The Government Advisory Committee (GAC) may once again cause changes to ICANN’s plans to launch a second round of new gTLD applications. Due to the GAC's principled stance against closed generics ("a TLD representing a string that is a generic name or term under which domains are registered and usable exclusively by the registry operator or its affiliates"), the next application round had been delayed. An ad hoc working group was created, followed by lengthy consultations that had no substantive outcome except that ICANN officially banned closed generics until further notice. Now, the GAC is concerned about an even bigger global issue.
At the recent ICANN 79 in Puerto Rico, GAC members put the question of the first round’s cost-effectiveness pointblank. The issue was raised for the first time in 2016 at ICANN 56 in Helsinki. After ICANN 78 in Hamburg last year, the Government Advisory Committee noted that it had not received a response from ICANN. Meanwhile, many GAC members insist that, without an objective and independent cost/benefit analysis of the first new gTLD application round, it would simply be unreasonable to proceed to the second round.
After that, ICANN finally sent three documents to the GAC that were developed by ICANN committees and working groups, to little satisfaction from the GAC. “I had the pleasure to read through the report, and see whether it’s a cost/benefit analysis, and whether it’s an objective and independent analysis,” the GAC representative from Denmark said. “No, and a big no.” Representatives from many European countries and North America agreed.

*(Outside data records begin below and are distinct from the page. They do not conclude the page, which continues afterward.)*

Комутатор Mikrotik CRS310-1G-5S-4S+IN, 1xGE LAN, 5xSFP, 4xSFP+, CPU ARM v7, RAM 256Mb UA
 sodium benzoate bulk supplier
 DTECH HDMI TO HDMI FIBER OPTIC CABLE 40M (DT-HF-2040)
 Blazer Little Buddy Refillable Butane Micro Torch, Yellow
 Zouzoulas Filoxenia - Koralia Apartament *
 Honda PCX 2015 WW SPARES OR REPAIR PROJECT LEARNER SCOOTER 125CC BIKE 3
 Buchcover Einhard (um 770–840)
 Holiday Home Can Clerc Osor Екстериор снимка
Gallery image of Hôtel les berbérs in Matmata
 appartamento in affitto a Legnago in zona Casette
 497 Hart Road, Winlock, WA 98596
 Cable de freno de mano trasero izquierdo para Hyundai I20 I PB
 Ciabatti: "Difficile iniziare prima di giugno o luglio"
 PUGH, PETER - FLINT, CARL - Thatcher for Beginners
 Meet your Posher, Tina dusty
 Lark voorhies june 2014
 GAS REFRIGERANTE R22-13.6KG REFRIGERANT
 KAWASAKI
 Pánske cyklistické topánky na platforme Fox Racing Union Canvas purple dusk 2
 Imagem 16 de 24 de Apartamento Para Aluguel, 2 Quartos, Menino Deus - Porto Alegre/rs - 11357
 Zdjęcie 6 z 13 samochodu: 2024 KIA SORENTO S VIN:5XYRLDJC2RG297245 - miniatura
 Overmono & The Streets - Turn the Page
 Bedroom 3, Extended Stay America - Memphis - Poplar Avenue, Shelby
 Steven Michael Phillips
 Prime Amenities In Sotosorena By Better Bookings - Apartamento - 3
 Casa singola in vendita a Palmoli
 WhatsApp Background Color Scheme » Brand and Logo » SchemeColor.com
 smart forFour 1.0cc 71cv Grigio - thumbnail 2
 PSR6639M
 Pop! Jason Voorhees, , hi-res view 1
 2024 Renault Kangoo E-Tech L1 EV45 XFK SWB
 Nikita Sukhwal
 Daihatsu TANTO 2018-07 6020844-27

Observers note that ICANN should have reacted to the GAC request sooner. Now, as a new gTLD application round is coming up in 2026, the GAC simply cannot make concessions: if there is no truly objective and independent analysis in an acceptable form, but the GAC still gives a green light, its authority would seriously suffer. Reporting the news, Domain Incite noted that a genuinely objective analysis of the cost and benefits of the first round is unfeasible per se, as assessing the economic activity caused by new gTLDs is immensely complicated.